Etrafına bakınıyor ve yerleşmek için en güzel gönlü seçiyor.
Şaire yöneliyor. Şairin içine yerleşiyor ve "aşk" kendi varlığının
anlamlarını şiire dönüştürüyor. Usta, tezgâhını temizliyor, yeni
dekorlar hazırlanıyor ve bir kez daha ışıklar parlıyor sahnede: "Aşk
Konuşur Bütün Dilleri". Tekin Gönenç'in ikinci şiir kitabı yayımlanıyor.
***
hani bir çocuğun sımsıkı sarılıp
bir bebeği öpüp koklaması var ya
o'sun işte sen2
Duru, dolaysız bir buluşma gerçekleşiyor. Tekin Gönenç, şiirlerinde pürüzsüz aşkı ve çeşitlemelerini sunmaya başlıyor. Aşkın tüm halleri, tüm dilleri, varoluşunun içine gizlenen sonsuz niceliği, şiirsel bir güçle bütünleşiyor ve okuyucuya yansıyor. "Aşk" çoğaldıkça çoğalıyor ve dizeler, pencereden süzülen bir yağmur damlası gibi kayıp gidiyor. Tekin Gönenç aşkın tüm dillerini konuşurken, zihnimi imgelem karmaşasına veya ikirciklere boğmuyor.
***
sen hep o kadınlara giderdin
sözlerin gözlerle söylendiği kaldırımlarda
...
bir de koğuş arkadaşların
içlerinde aykırı rüzgârlar esen
jilet bakışlı üç beş serseri3
Sıra aşkın kilitlerine ve çıkmazlarına, toplumsal sorunların kapanındaki
insanlara geliyor.

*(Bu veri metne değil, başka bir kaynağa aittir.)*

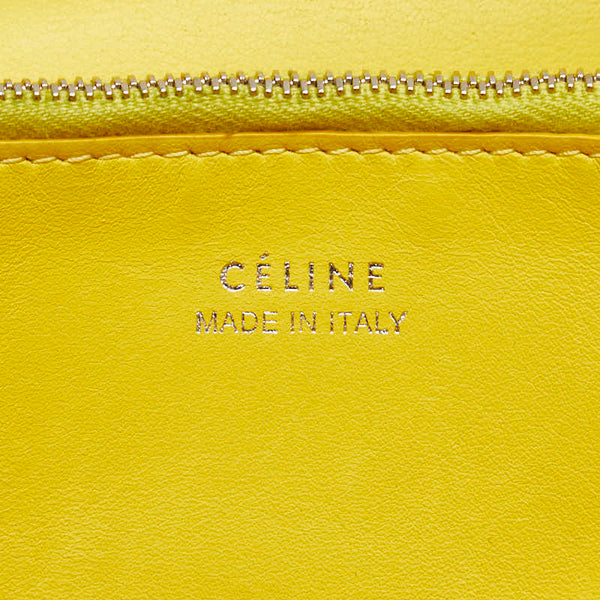 セリーヌ ラージフラップ マルチファンクション 長財布 グレージュ イエロー レザー レディース CELINE 【中古】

Çağımızın zorlanan, yabancılaşan insanı anlatılıyor.
Toplumun kıyısında sığıntı gibi yaşayan "jilet bakışlı serserilerin"
acıları ve dışlanmışlıkları da gözlerimizin önüne sunuluyor. Ama "aşk"
onlarda bile susmuyor. Çünkü "Aşk" konuşuyor bütün dilleri...
Tekin Gönenç, acı çeken, üzüntüden kıvranan, tüm bunlara ağlayamayan
yalnızlıkların görüntüsünü oluşturuyor. Yağmurdan önceki
sıkıntılı havalar...
olmadı işte
yağamadın bir türlü
şöyle doyasıya
kendi bulutlarından4
***
Tüm güzelliğiyle, aşk konuştuktan sonra bütün dilleri, ayrılma zamanı geliyor. Buluşmayla açılan sahnenin perdesi ayrılıklarla kapanıyor:
gizli bir el
çözer iplerini geminin5
Tekin Gönenç "Aşk Konuşur Bütün Dilleri" adlı şiir kitabıyla içerden kilitlediğim tüm kapılarımı çalıyor. Sonra bir kez daha oyun bitiyor, seyirciler salonu boşaltmaya başlıyor.
Ve ben, aynı boşluğun sancısıyla baş başa kalıyorum.